MarketWatch has outlined the case for why things could get worse before they get better, at least in the near term. But to recap, a number of chart watchers say that more work needs to be done to repair the downturn that began in early October before their faith is restored in the bull-market run.

Jeff deGraaf, chairman of research firm Renaissance Macro Research, said he wants to see better market breadth and volume. “A sigh of relief fell over the [S]treet as the losing streak for equities abated near support at 2,600 on the SPX. We’d classify the rebound as ‘uninspiring,’ ” he said, referencing specifically Tuesday’s drive higher.

A prominent technical analyst, Ralph Acampora, appeared to agree with DeGraaf and to believe that sufficient destruction was done to the market to warrant a better and more consistent turn higher.

Bruce Bittles, chief investment strategist at Baird, in a Wednesday afternoon note said that this two-day rally merits caution: “The scale of this week’s stock market move (the S&P 500 is 5% above its late-Monday low) is more a function of the volatility seen in October than evidence, at this point, of improving trends.”

“While index-level strength off of Monday’s lows is encouraging, we maintain a cautious view.
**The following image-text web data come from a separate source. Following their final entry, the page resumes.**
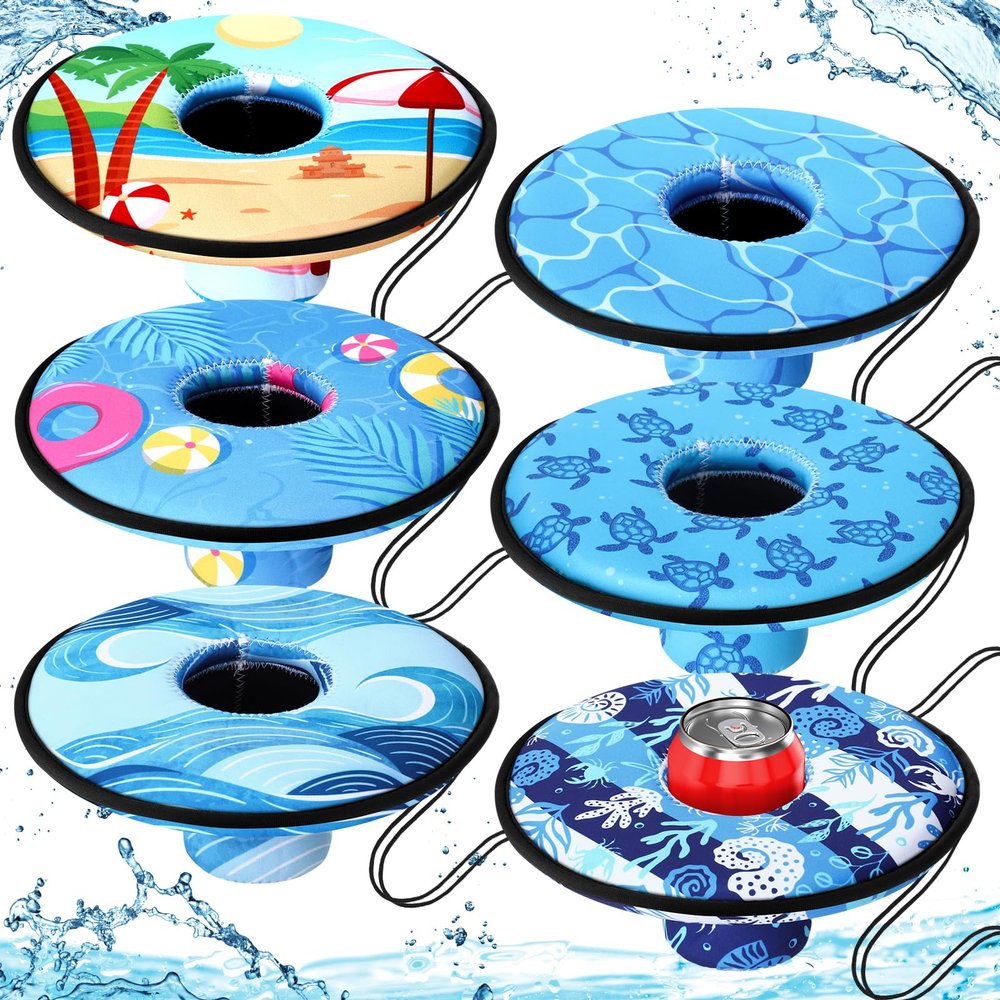 Funnymoom 6 Pcs Neoprene Floating Drink Holder Floating Coaster Pool Drink Floats Pool Beer Holder with Rope for Summer Theme Party Tub Lake Boat Water, Medium Size(Ocean Style)
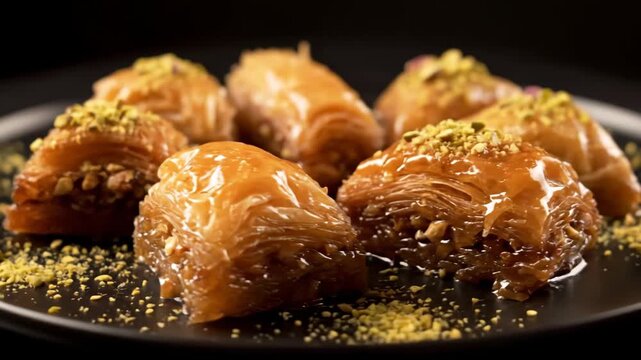 Golden baklava pastries with pistachios on dark plate close-up dessert food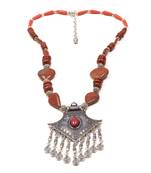 Designer Necklace With German Silver Pendant And Mix Ornaments And Beads Ppbj267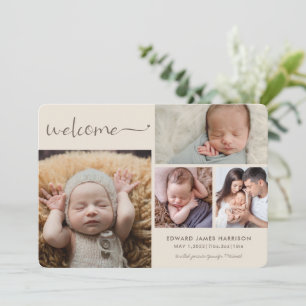 Faire-part Collage de photos de bébé beige neutre Bienvenue à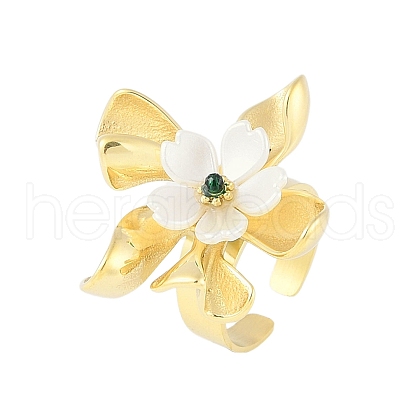 Flower Natural Shell Finger Rings RJEW-H234-01G-1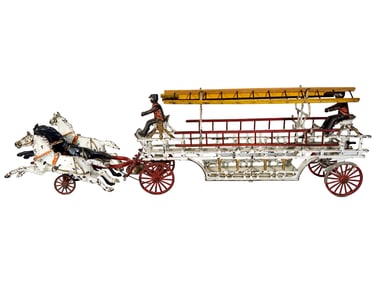 Three Horse Cast Iron Hook and Ladder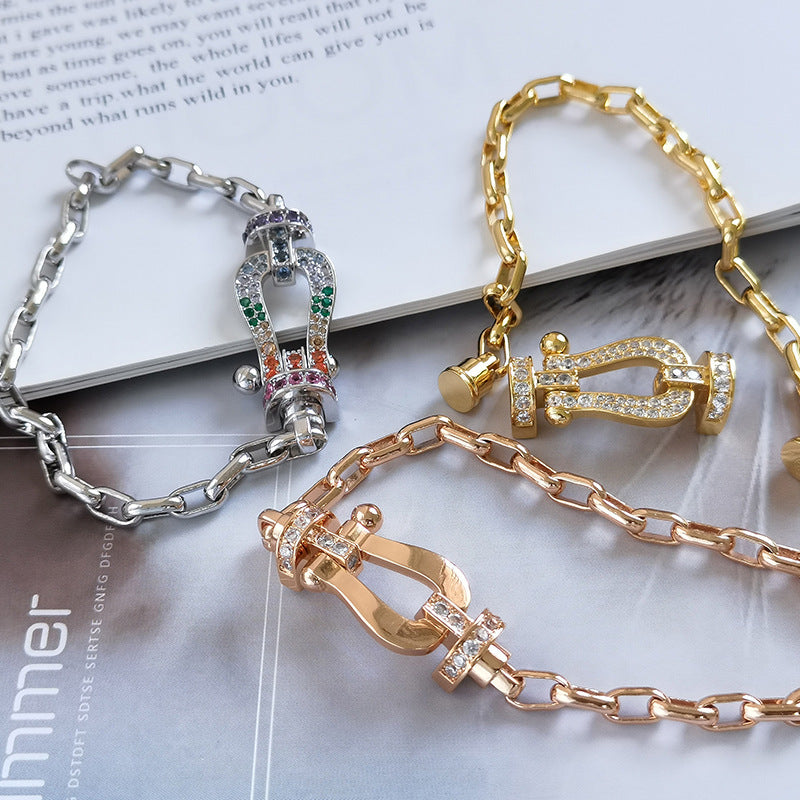 [Cadisa]FORCE LARGE HORSESHOE CLASP  METAL BRACELET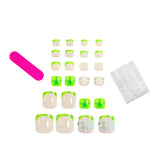 DAIIIBABYYY  -  24pcs Summer Fake Toenail Patch with Star Rhinestone Design False Toe Nail Full Cover Wearable Green French Press on Toenails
We can use historical tendencies to describe a likely path forward. At the same time, we cannot be so beholden to these expectations that we turn a blind eye to emerging realities,” he wrote.

As always, however, only time will tell how things ultimately play out. But it would appear sure to be a bumpy ride with the midterm elections ahead, more rate increases expected from the Federal Reserve and nagging questions about the health of the global economy. In other words, all factors that helped to drive this market lower in the first place.